In D.A. Carson's commentary on 1 Kings 19 in For the Love of God Vol. 1, he examines some of the ways that Elijah gives into "the despair of unfulfilled expectations." As I read that this week, I found myself really resonating with Carson's description of Elijah. Though I am not particularly tempted at this very moment, self-pity has called like a siren during this extended season of unfulfilled expectations, and I'm sure it will continue to do so. I have adapted some of Carson's thoughts into a plan to fight against self-pity.
1) Be honest about the facts (don't exaggerate). I give into self-pity when I only focus on a momentary trouble and magnify how bad it is, rather than acknowledging that there are blessings in my life as well as trials. For example, when I found out about our need to do IUI or about the cyst, my first reaction was, "Everything that can go wrong does!" While both of those were truly disappointing setbacks, my response exaggerated the problem and overlooked the many positives in our battle against infertility (only facing one hormonal problem, great doctor & nurses, excellent insurance, good response to medication, etc.). Not only that, my response overlooked the big picture of my salvation and sanctification.
2) Don't judge the hearts of others. Self-pity not only affects me, it affects how I view others. I feed my self-pity by thinking, "No one else cares. No one else understands. No one else realizes how hard this is for me." In reality, I am surrounded by people who care, who want to offer comfort, who want to help me escape from sin and trust God through this trial. I do a great disservice to those people when I judge them out of my self-pity.
3) Remember God's promises. In the throes of self-pity, my circumstances and emotions seem so much more real and true than God's word. But I can nip self-pity in the bud by having faith that God's promises (to be faithful, to do good, to sanctify me, to bless me) are true even when I cannot see them or feel them.
4) Remember that God will not always work in the obvious way I want him to. I have great ideas about how God should work - he should end this trial by letting us conceive a healthy baby! I've learned all my lessons, right? He'll get glory by answering my prayers as soon as possible, right? Seems like a good idea to me... But when I think I know best how God should work in my life, I am easily tempted to self-pity when God does not work how I expect. I need to trust that his ways are higher than mine.
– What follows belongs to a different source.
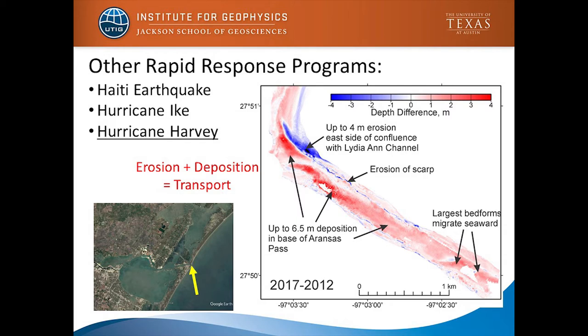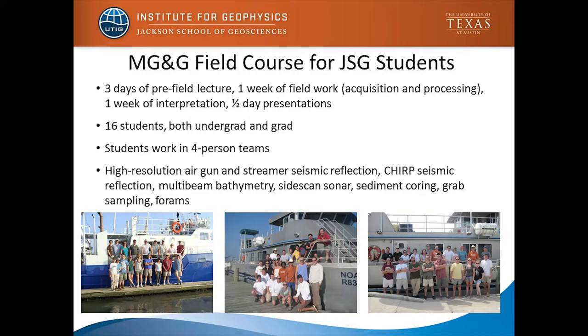More recently there's been work after Hurricane Harvey — very close to home — and our field course had collected data in this area beforehand. Scientists went back and collected new data over the same areas, showing changes over five years: 2012 pre-existing conditions versus 2017 post-Harvey. The red shows a lot of deposition and blue shows erosion, so again these large systems cause very big changes — a lot of erosion, a lot of deposition — showing significant sediment transport going on.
5) Find others to carry part of your burden. When I give into self-pity, I tend to isolate myself. Then, it becomes that much easier to exaggerate how bad my circumstances are, to judge others as uncaring, to ignore God's promises, and to complain about God not working how I want. When I am the only human audience for these thoughts, they start to dig in deep. But if I open up to others - my husband first, and then other friends - my sin is exposed and can be addressed and corrected, my despair is lessened as others help me, and I am pointed back to my loving and trustworthy God.
I think if I can even remember one of these things when I am tempted, it would throw a big wrench into the cogs of self-pity. By the Spirit's help, I hope to be able to capture self-pitying thoughts more and more quickly as time goes on. May he "fulfill every resolve for good and every work of faith by his power, so that the name of our Lord Jesus may be glorified" (2 Thessalonians 1:11-12)!